From November, 1895, until April, 1896, Edwards was located on a ranch near Phoenix, Arizona, writing Five-Cent Libraries for Harte & Perkins and sketches and short stories for other publishers. His health was steadily declining, and he could bring himself to his work only by a supreme effort of the will and at the expense of much physical torture. In May, 1896, he was told that he must get farther away from the irrigated districts around Phoenix and into the arid hills. To this end he interested himself in a gold mine, and went East to form a company and secure the necessary capital to purchase and develop it.
About the middle of July he returned to Phoenix, still writing but hoping for golden rewards from the mining venture which would ultimately make his writing less of a business and more of a pastime.
His health continued to decline and he was ordered to give up writing entirely and exercise constantly in the open. He at once telegraphed Harte & Perkins to this effect. On Oct 13 they wrote:
“We have heard nothing from you since receipt of your telegram to take all work out of your hands. This, of course, we attended to at once, but on your account, as well as our own, we were very sorry to learn that you found it necessary to give up the work, and trust that the illness from which you are suffering will not be lasting…. If, in future, you should be able to write again, we shall try to find a place for your work.”
So the old firm and Edwards parted for a time. A few weeks proved the mining venture a failure, and $10,000 which Edwards had put away out of the profits of his writing had vanished – gone to make the failure memorable. Nor had his health returned.
In some desperation, just before New Year’s of ‘97, Mr. and Mrs. Edwards entrained for New York, Edwards pinning his hopes to Harte & Perkins. He had less than $100 to his name when he and his wife reached the metropolis.
One hundred dollars will not carry a man and his wife very far in New York, even when both are in good health and the man can work.
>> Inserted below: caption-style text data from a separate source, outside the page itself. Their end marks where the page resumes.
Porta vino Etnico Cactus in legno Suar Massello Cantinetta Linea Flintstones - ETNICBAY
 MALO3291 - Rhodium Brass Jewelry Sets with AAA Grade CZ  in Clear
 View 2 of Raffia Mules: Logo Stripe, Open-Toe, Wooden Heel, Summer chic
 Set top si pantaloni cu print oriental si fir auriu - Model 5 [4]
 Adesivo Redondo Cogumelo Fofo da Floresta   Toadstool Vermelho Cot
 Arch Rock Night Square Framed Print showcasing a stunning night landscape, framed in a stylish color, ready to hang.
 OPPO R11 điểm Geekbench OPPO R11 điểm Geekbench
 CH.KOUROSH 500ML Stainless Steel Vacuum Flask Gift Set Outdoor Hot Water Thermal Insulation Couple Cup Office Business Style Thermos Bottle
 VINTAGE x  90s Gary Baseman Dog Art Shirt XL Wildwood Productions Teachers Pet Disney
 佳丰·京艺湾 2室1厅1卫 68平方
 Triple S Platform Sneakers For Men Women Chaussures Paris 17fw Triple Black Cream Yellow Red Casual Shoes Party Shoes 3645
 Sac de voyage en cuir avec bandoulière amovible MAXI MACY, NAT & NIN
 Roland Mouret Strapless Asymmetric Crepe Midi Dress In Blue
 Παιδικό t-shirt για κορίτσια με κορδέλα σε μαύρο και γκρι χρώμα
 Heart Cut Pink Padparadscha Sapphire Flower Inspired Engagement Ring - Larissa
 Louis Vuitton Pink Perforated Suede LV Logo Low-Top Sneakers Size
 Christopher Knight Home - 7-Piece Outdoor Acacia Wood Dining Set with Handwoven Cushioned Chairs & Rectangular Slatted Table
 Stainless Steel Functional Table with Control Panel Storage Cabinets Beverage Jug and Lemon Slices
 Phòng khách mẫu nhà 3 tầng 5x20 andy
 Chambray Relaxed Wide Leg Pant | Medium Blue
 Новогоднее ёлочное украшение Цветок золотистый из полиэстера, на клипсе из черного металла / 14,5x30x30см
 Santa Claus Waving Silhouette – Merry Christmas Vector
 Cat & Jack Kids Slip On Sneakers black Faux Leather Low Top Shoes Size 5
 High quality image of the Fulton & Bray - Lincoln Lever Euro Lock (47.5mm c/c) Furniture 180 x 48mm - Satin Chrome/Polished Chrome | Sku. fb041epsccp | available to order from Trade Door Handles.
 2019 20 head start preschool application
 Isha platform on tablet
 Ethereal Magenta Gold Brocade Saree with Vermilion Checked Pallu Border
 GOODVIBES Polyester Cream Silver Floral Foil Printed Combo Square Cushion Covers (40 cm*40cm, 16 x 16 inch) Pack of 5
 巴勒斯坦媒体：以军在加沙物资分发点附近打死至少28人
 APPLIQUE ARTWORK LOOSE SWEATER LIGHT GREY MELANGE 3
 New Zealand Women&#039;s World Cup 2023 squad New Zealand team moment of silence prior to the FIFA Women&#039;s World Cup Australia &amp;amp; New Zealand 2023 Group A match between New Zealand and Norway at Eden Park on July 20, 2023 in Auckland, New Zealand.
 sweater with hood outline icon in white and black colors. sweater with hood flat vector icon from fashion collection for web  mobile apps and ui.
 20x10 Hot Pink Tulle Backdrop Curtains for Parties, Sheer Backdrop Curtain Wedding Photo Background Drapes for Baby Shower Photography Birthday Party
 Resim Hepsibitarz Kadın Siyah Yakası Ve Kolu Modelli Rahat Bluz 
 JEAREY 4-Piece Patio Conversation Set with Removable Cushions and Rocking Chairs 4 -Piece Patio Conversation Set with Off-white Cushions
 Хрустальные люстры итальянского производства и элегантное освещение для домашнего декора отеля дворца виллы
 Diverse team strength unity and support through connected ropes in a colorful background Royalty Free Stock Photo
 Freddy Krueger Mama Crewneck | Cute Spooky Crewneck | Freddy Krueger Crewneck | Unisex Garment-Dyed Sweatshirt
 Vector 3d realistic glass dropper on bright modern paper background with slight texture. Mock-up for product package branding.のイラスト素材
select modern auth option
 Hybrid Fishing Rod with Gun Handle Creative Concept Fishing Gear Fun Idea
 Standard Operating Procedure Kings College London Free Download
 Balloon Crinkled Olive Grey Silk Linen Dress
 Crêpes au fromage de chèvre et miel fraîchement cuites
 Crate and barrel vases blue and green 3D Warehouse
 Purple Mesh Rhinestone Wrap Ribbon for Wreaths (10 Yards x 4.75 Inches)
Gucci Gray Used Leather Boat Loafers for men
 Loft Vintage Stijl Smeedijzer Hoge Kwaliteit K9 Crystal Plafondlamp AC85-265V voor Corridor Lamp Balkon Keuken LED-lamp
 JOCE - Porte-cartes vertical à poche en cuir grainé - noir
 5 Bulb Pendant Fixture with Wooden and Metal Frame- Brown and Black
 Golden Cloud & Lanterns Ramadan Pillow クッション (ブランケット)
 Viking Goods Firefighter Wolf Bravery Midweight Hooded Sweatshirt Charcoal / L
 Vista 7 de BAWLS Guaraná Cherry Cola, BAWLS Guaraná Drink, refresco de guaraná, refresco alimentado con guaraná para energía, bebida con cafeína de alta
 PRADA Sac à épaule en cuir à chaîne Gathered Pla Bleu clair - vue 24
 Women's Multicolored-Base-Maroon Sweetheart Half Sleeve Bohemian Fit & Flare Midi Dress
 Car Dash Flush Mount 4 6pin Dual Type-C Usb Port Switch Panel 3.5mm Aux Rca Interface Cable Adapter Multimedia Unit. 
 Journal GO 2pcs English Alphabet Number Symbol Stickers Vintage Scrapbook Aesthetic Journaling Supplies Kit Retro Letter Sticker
Ambition alone kept Edwards alive and gave him hope for the future.
The Factory out-put for 1895:
3 Five-Cent Libraries at $50 each $ 150. 29 Five-Cent Libraries at $40 each 1160. 2 Detective stories at $40 each 80. 2 Ten-Cent Library stories at $50 each 100. "Little Bluebell," serial 200. "A Weird Marriage" 300. ________ $ 1990. Detroit Free Press, Contributions 22. _________ Total $ 2012.
For 1896:
24 Five-Cent Libraries at $40 each $ 960. Short fiction 71.50 ________ Total $ 1031.50
For cold brutality perhaps the rejection slip worded as below is unequalled:
We are sorry to return your paper, but you have written on it.
Respectfully yours,
The Editor.
§
Before Mr. Karl Edwin Harriman, of The Red Book, had ventured into the editorial end of the writing trade, he wrote an article on an order from a certain Eastern magazine. Later, that magazine decided that it could not use the article, although it had been paid for, and, with Mr. Harriman’s permission, turned it over to an agent to market elsewhere.
The agent, not knowing Mr. Harriman had associated himself with a certain magazine, sent the manuscript to that publication, in the ordinary way.
It was up to Mr. Harriman, then, to consider it in an editorial capacity. He was unable to purchase the manuscript, and returned it to the agent with a reproof for having submitted such an article, and indicating that the author had a great deal to learn before he could feel justified in seeking a market among the best known magazines.